Crawled caption data
####

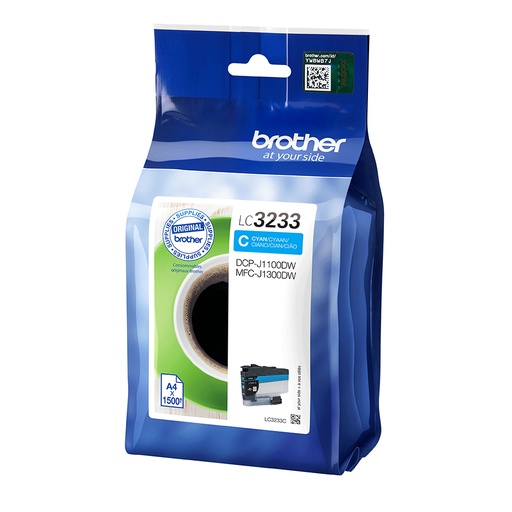 [35841] [LC3233C] BROTHER Cartucho de tinta cian LC3233C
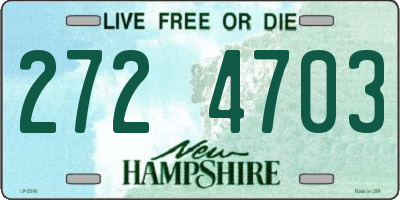 NH license plate 2724703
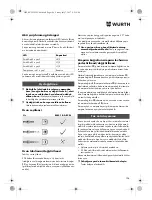 Preview for 106 page of Würth EMS 18-A EC SL Translation Of The Original Operating Instructions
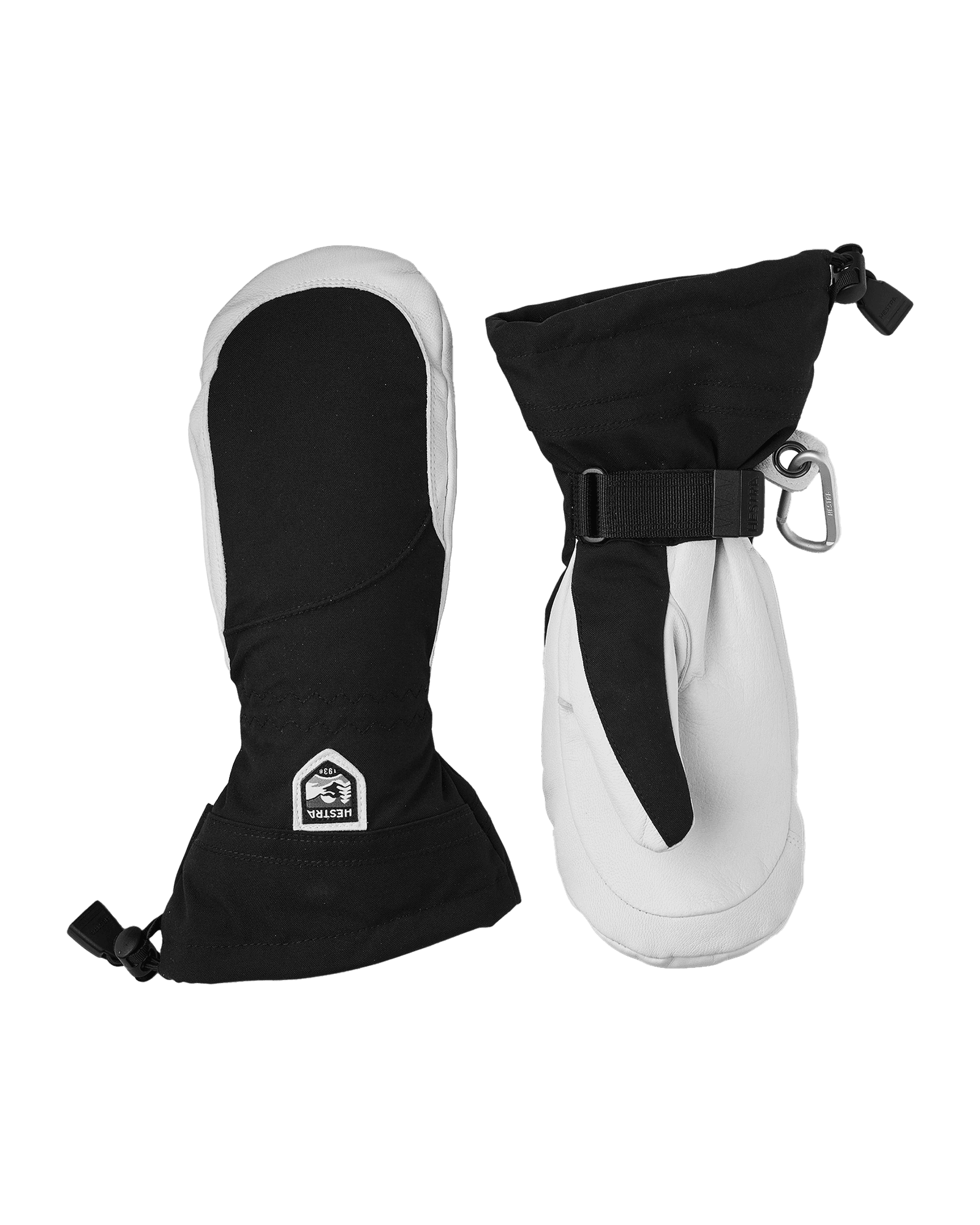 Heli Ski Female - Mitt Black/Off White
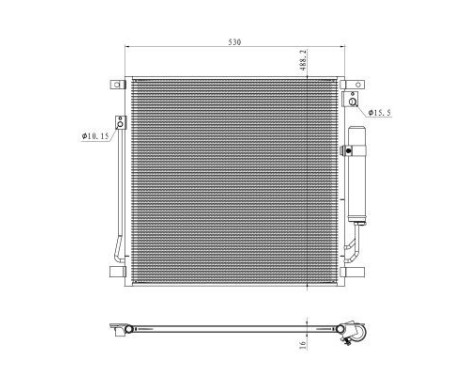 Condenser, air conditioning EASY FIT 350502 NRF, Image 4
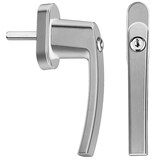 thumbnail of MONZANA® Fenstergriffe 8er Set Aluminium silber inkl. Schlüssel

####

» **Exercise instructions**
Could you return all the entries exactly as they appear, minus the pictures?

» **Answer to the exercise**
 [35841] [LC3233C] BROTHER Cartucho de tinta cian LC3233C
 NH license plate 2724703
 Preview for 106 page of Würth EMS 18-A EC SL Translation Of The Original Operating Instructions
 Heli Ski Female - Mitt Black/Off White
 Condenser, air conditioning EASY FIT 350502 NRF, Image 4
 thumbnail of MONZANA® Fenstergriffe 8er Set Aluminium silber inkl. Schlüssel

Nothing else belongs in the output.